John Martinez (Office of Innovation / NARA)

  • Summary:The Citizen Archivist Initiative is an adaptation of the long-standing tradition of crowdsourcing in science. Citizen science projects engage amateurs and nonprofessionals in scientific research, like reporting bird sightings or categorizing galaxies. The National Archives has used digital technology to engage citizen archivists, who can use tags, transcripts, and digital images that increase public access to the records of the Federal Government. The Citizen Archivist Dashboard (http://www.archives.gov/citizen-archivist) is a central location for these crowdsourcing activities. Projects linked to the dashboard include transcribing digitized historic Navy ship logs to improve our knowledge of past environmental conditions, transcribing National Archives documents at various levels of difficulty, uploading images to a Citizen Archivist Flickr group, tagging National Archives records for better online searching, and contributing and editing articles on the Our Archives Wiki.
  • Bio:John Martinez is Director of the Business Architecture, Standards, and Authorities Division of the Office of Innovation at the National Archives and Records Administration (NARA). He holds a M.L.S. from the University of Maryland and a Certificate of Advanced Study in Library and Information Systems from the University of Pittsburgh. Prior to NARA he worked at the National Security Archive at George Washington University, and at NARA he has also worked on the electronic records staff and policy and planning staff.

5. Do-It-Yourself History

Colleen Theisen (U. of Iowa)

  • Summary:In 2011 the University of Iowa Libraries launched a low-tech transcription crowdsourcing project for Civil War diaries and letters; as word of mouth spread (with some help from Reddit), volunteers made short work of the collection, transcribing all 16,000 pages in just over a year. An expansion of the project, renamed DIY History (http://diyhistory.lib.uiowa.edu/) and built on open-source tools (Omeka content management system using the Scripto plugin), features a variety of documents including handwritten cookbooks and pioneer-era letters and diaries.
  • Bio:Colleen Theisen is the Outreach and Instruction Librarian for Special Collections and the University Archives at the University of Iowa.  She has a B.A. in Art History from the University of Missouri, was a certified art teacher for grades 6-12 and she completed her Master of Science in Information from the University of Michigan School of Information in 2011.

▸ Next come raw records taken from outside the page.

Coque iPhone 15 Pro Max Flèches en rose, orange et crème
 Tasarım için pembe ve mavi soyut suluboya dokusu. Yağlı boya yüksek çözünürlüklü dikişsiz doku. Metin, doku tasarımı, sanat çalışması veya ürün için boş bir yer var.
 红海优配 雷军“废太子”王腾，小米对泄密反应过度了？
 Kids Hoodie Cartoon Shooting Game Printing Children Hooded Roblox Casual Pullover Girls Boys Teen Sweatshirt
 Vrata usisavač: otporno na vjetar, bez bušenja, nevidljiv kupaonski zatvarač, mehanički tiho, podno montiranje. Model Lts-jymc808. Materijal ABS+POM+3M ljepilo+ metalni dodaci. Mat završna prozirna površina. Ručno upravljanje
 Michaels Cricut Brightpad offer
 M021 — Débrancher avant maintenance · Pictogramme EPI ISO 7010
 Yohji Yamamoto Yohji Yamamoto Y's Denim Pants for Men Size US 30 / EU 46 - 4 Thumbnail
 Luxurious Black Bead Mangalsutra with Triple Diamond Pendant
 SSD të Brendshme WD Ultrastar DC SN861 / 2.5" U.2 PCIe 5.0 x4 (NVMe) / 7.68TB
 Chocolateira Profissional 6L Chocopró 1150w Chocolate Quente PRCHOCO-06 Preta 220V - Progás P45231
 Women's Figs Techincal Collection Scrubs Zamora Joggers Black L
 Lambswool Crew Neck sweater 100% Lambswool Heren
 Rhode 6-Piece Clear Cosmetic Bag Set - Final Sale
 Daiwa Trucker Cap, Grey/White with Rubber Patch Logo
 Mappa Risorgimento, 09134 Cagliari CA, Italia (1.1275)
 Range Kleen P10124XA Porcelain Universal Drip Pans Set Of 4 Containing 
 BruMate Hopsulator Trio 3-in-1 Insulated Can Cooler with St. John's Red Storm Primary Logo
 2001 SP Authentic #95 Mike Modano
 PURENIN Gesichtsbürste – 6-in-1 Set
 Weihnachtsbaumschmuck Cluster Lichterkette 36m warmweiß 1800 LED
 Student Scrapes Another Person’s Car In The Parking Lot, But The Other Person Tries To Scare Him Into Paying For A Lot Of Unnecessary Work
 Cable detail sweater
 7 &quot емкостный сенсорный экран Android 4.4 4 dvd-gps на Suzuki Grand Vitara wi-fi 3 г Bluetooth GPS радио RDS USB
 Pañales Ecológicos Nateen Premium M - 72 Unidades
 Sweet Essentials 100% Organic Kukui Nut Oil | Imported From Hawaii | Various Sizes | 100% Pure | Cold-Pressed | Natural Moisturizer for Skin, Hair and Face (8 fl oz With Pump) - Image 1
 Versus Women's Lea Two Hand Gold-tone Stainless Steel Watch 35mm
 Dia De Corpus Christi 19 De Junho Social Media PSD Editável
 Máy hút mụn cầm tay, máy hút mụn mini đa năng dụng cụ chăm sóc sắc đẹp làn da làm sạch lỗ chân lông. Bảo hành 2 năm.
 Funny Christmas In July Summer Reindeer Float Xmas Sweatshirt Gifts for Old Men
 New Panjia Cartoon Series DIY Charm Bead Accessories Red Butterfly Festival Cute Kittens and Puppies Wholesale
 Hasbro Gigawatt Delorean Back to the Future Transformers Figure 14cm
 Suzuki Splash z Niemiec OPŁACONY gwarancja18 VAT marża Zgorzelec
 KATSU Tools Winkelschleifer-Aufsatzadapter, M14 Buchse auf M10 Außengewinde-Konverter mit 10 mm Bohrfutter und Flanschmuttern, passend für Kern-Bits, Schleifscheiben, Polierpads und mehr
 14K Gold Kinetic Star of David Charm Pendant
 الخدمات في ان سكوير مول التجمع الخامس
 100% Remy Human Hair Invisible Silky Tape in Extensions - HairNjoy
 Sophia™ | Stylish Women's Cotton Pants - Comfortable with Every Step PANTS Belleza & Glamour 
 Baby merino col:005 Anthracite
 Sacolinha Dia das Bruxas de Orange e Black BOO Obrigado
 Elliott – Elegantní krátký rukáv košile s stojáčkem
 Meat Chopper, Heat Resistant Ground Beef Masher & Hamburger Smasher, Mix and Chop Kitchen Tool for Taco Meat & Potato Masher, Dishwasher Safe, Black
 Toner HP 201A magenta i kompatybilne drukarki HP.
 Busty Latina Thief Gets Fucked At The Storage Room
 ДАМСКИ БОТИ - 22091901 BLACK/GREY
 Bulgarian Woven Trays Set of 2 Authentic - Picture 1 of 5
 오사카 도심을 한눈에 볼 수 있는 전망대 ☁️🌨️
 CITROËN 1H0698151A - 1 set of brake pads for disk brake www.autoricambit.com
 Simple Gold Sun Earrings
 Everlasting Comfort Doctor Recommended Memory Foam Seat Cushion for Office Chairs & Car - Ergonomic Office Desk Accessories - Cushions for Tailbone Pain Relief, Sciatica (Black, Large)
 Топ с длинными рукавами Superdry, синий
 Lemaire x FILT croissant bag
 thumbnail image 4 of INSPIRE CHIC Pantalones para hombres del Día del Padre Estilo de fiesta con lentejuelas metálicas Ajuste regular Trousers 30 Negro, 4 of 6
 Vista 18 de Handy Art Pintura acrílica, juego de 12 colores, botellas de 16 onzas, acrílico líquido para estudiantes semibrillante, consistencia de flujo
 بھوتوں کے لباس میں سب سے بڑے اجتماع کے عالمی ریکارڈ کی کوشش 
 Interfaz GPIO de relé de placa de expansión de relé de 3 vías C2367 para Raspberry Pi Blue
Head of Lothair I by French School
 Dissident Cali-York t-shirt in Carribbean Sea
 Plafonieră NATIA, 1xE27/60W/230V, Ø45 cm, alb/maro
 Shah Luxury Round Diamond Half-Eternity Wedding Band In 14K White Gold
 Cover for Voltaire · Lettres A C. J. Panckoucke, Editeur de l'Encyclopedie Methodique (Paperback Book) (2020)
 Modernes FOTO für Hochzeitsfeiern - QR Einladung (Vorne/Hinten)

6. Citizen-led Crowdsourcing of Archival Material

Richard Marciano (UNC Chapel Hill)

  • Summary:The Cyber-Infrastructure for Billions of Electronic Records (CI-BER) project is a collaborative big data management project based on the integration of heterogeneous datasets and multi-source historical and digital collections, including a place-based citizen-led crowdsourcing case study of the Southside neighborhood in Asheville, North Carolina.  A first-generation open source collaborative mapping environment prototype is currently being developed to support novel “citizen-led crowdsourcing” possibilities for archival material (http://www.citizen-times.com/article/20130804/LIVING/308040026/Project-seeks-recreate-history-Asheville-s-Southside).
  • Bio:Richard Marciano is a professor in the School of Information and Library Science at the University of North Carolina at Chapel Hill (UNC). He directs a number of “big data” collaboratives, and is a 2012 recipient of the JISC Digging Into Data Challenge Grant.  Richard holds a BS in Avionics and Electrical Engineering, and an M.S. and Ph.D. in Computer Science, and has worked as a Postdoc in Computational Geography. He conducted interdisciplinary research at the San Diego Supercomputer at UC San Diego for over a decade, working with teams of scholars in sciences, social sciences, and humanities.